As we prepare for our last concert of this season, we wish to remind you that, during the off season, this web site becomes relatively inactive since weekly concert updates will not take place. We will, however, continue to post information pertaining to the band whenever it is appropriate.
It has become our custom in recent years to conclude our season with a "round robin" concert, giving the various directors within the band a final opportunity to conduct. Our concerts almost always feature music of varying styles and, with several conductors' tastes inspiring the selections this week, this promises to be a most enjoyable and eclectic concert.
The Burlington Municipal Band "season" actually begins wth the Memorial Day Service, this year once again held outside Memorial Auditorium. (see photo at right, with Mark Eveleth conducting the band)
We wish to acknowledge with gratitude a memorial gift in memory of Marian Kreckel, who was a loyal supporter of the band for many years. This gift will be used to purchase new music for our concerts. Special thanks too, to the Hy-Vee on Agency for their donation to the band and to Advanced Data Products for donating the photocopies of the concert order instructions for the July 13 concert.
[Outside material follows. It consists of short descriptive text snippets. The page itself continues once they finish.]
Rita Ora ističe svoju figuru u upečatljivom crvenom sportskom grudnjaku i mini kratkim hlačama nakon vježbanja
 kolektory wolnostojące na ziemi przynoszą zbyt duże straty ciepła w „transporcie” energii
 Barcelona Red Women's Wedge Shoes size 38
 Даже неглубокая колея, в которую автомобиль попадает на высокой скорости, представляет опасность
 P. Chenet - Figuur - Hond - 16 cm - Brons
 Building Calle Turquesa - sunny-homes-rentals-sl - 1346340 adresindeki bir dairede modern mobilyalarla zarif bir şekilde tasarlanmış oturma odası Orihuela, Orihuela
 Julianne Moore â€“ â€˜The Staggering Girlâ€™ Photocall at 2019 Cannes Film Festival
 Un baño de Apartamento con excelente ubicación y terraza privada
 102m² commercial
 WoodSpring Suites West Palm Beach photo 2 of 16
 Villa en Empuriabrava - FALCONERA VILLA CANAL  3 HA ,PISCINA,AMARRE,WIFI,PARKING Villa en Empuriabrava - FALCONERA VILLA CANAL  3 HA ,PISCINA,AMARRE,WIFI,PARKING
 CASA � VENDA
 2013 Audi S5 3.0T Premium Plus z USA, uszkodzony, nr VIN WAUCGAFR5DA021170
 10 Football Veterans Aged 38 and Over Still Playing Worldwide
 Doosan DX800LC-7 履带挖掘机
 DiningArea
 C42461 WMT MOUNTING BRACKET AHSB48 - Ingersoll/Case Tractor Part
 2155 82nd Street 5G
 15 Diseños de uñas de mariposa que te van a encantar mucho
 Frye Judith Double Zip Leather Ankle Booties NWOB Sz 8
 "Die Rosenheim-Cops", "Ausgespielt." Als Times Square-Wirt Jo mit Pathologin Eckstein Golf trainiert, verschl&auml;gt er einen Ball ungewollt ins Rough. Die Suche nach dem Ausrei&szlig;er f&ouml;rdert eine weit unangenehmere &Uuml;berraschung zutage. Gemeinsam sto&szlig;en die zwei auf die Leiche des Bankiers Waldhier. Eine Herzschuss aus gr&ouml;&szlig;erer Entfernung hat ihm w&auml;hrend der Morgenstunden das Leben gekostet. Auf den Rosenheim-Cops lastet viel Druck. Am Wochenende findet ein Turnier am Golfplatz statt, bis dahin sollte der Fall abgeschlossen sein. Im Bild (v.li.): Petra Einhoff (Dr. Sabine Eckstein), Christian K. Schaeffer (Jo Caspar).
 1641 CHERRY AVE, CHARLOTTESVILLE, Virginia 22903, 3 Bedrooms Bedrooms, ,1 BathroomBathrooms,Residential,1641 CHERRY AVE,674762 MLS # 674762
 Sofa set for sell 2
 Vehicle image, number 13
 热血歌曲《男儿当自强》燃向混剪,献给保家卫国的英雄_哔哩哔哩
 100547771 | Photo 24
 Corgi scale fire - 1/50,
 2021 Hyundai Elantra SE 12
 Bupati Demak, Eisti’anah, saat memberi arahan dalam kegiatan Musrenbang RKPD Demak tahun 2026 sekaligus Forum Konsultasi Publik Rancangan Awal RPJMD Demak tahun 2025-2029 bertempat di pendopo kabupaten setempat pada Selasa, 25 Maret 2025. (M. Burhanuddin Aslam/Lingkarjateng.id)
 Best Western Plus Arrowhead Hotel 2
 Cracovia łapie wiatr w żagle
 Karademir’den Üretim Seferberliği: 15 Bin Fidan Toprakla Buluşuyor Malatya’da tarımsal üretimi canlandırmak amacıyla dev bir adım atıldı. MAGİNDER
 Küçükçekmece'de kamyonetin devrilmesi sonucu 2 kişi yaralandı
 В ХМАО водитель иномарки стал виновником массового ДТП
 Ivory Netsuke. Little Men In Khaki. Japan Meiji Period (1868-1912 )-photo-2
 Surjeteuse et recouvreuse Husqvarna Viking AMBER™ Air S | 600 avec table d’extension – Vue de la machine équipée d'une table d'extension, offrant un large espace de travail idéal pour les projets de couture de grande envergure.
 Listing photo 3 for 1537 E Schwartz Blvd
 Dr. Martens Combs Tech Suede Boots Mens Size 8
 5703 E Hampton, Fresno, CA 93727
Should you wish to make a memorial gift or a donation to the band, be assured that it will be gratefully received. Contact Sue Kristensen at 319-752-5764, Jim Priebe at 319-752-7305, or Mark Eveleth at 319-753-6900.
The band has been told that, because of the economic difficulties faced by the city, our regular funding from the City of Burlington has been discontinued for the new fiscal year which begins July 1. The city continues to support us in many ways including housing our music library, providing rehearsal space at Memorial Auditorium and maintaining the band shell in Crapo Park.
We are grateful to The Henry and Elsie Starker Memorial Trust for sponsoring the remainder of this season, and to City Manager Bruce Slagle for his efforts in securing this support for us. We hope that readers of this web page will take a moment to contact city leaders to express their thanks as well.
Our concert of August 3 was shortened by rain, but our audience was not deprived of an enjoyable evening. Preceding our concert was a performance by Burlington Ontario Canada's Teen Tour Band which was in Burlington Iowa for the Burlington International Games. The band, under the direction of Sir William Hughes, performed on the lawn in front of the band shell surrounded by a most appreciative audience. We were quite impressed, and we hope the band enjoyed their time in Burlington Iowa. (Click on the photos for larger-size pictures.)
Those interested in learning more about the Teen Tour Band can visit their web site at http://www.teentourband.org/.
The concert will open with A Galop to End All Galops by Warren Barker, conducted by tubist Arnie Anderson. Trumpeter Derrick Murphy will follow with Richard Rodgers, a Symphonic Portrait for Concert Band arranged by Frank Erickson, including There is Nothin' Like a Dame, A Wonderful Guy, I Whistle a Happy Tune, Climb Every Mountain, and The Sound of Music. Derrick will then conduct Solid Gold Revival arranged by Paul Jennings, including Tequila, La Bamba, Lean on Me, At This Moment, and I Got You Babe. Arnie Anderson will return to the podium to conduct Gentle Tuba arranged by Lloyd Conley, featuring Arnie's section mate, tubist David Rappenecker.
Trumpeter Mark Eveleth will conduct one of Henry Fillmore's famous "trombone smears" Shoutin' Liza Trombone featuring the trombone section. Jim Priebe will conduct Hoagy Carmichael: An American Classic, arranged by James Kessler, including Lazy River, Star Dust, Heart and Soul, Skylark, and Georgia on My Mind. Hornist Kathy Wilson will take the podium to conduct two numbers: Percy Grainger's "Shepherd's Hey" English Morris Dance, and a Robert Russell Bennett arrangement of Richard Rodgers' The King and I, including I Whistle a Happy Tune, We Kiss in a Shadow, I Have Dreamed, and Hello, Young Lovers.
Flutist Marca Korb will conduct Dry Bones arranged by Paul Yoder and Somewhere out There by James Horner, Barry Mann and Cynthia Weil, arranged by John Edmondson, from the motion picture "American Tail." Finally, trumpeter Jennifer Hexom will conduct our traditional closing number, John Phillip Sousa's The Stars and Stripes Forever.